O Dia Nacional do Psicólogo é comemorado em 27 de agosto no Brasil, porque, nessa data, em 1962, foi assinada a Lei nº 4.119, que dispõe sobre os cursos de formação em psicologia e regulamenta a profissão de psicólogo. A celebração foi oficializada com a publicação da Lei nº 13.407 em 27 de dezembro de 2016.
Nesta entrevista, o psicólogo Anderson Zenidarci aborda a evolução da profissão desde os primórdios até os dias atuais e faz reflexões sobre o futuro da mesma.
Mestre em psicologia pela Pontifícia Universidade Católica de São Paulo (PUC-SP), ele atua há 40 anos em atendimento clínico em diversos segmentos, com especial dedicação à psicossomática e aos transtornos e patologias psíquicas.

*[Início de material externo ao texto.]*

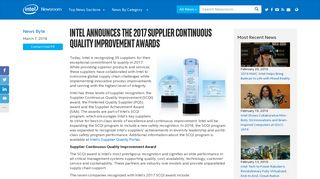 Intel Announces the 2017 Supplier Continuous Quality Improvement ...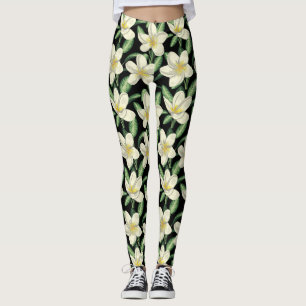 Tropisches nahtloses Muster weiße Blumen grüner Bl Leggings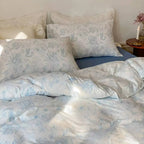 Toile Floral Cotton Bedding Set Duvet Cover Pillowcase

Também é coordenador e professor do curso de especialização em transtornos e patologias psíquicas pela Faculdade de Ciências da Saúde de São Paulo (Facis). Atua, ainda, como supervisor clínico e palestrante e é autor dos livros ‘99 procedimentos facilitadores em processos psicoterápicos’ e ‘Adoeci! Por quê? – Psicossomática contemporânea’, ambos da Wak Editora.
Como surgiu a psicologia?
Existem indícios de que a psicologia era estudada no Antigo Egito, na Grécia, no Império Romano, na Mesopotâmia e entre os fenícios há mais de três mil anos antes de Cristo. Na época, não era entendida como psicologia, mas como influências dos deuses, da alma, do espírito e das forças da natureza sobre a pessoa que determinavam comportamentos que ela tinha ou não dentro do padrão. A psicologia foi parte da filosofia durante muito tempo. Platão, Aristóteles, Galeno e vários outros pensadores falaram sobre psicologia dentro da filosofia. Foi na Alemanha, em 1870, que Wilhelm Wundt (médico, filósofo e psicólogo) começou a falar que a psicologia tinha que ser estudada à parte. Na época, então, ela passou a se desenvolver como uma disciplina independente da filosofia. Os primeiros estudos foram muito voltados à lógica mental e aos pensamentos mentais, sendo chamados de estruturalismo, funcionalismo e associacionismo. Porque se buscava saber como o indivíduo raciocinava ou deixava de raciocinar e como essa questão racional estava relacionada a comportamentos, atitudes, pensamentos e sentimentos. Quem transformou tudo isso foi Sigmund Freud (neurologista e psiquiatra austríaco) quando ele chegou afirmando que o ser humano tinha algo que era não consciente, não racional, não coerente, ao que ele deu o nome de aparelho psíquico (assim como aparelho circulatório, digestório, etc.) e, posteriormente, passou a falar em dinamismo psíquico. Foi por meio de Freud que a psicologia tomou o aspecto que hoje nós entendemos, como algo subjetivo, algo que lida com o inconsciente do indivíduo, com representações simbólicas e tudo mais.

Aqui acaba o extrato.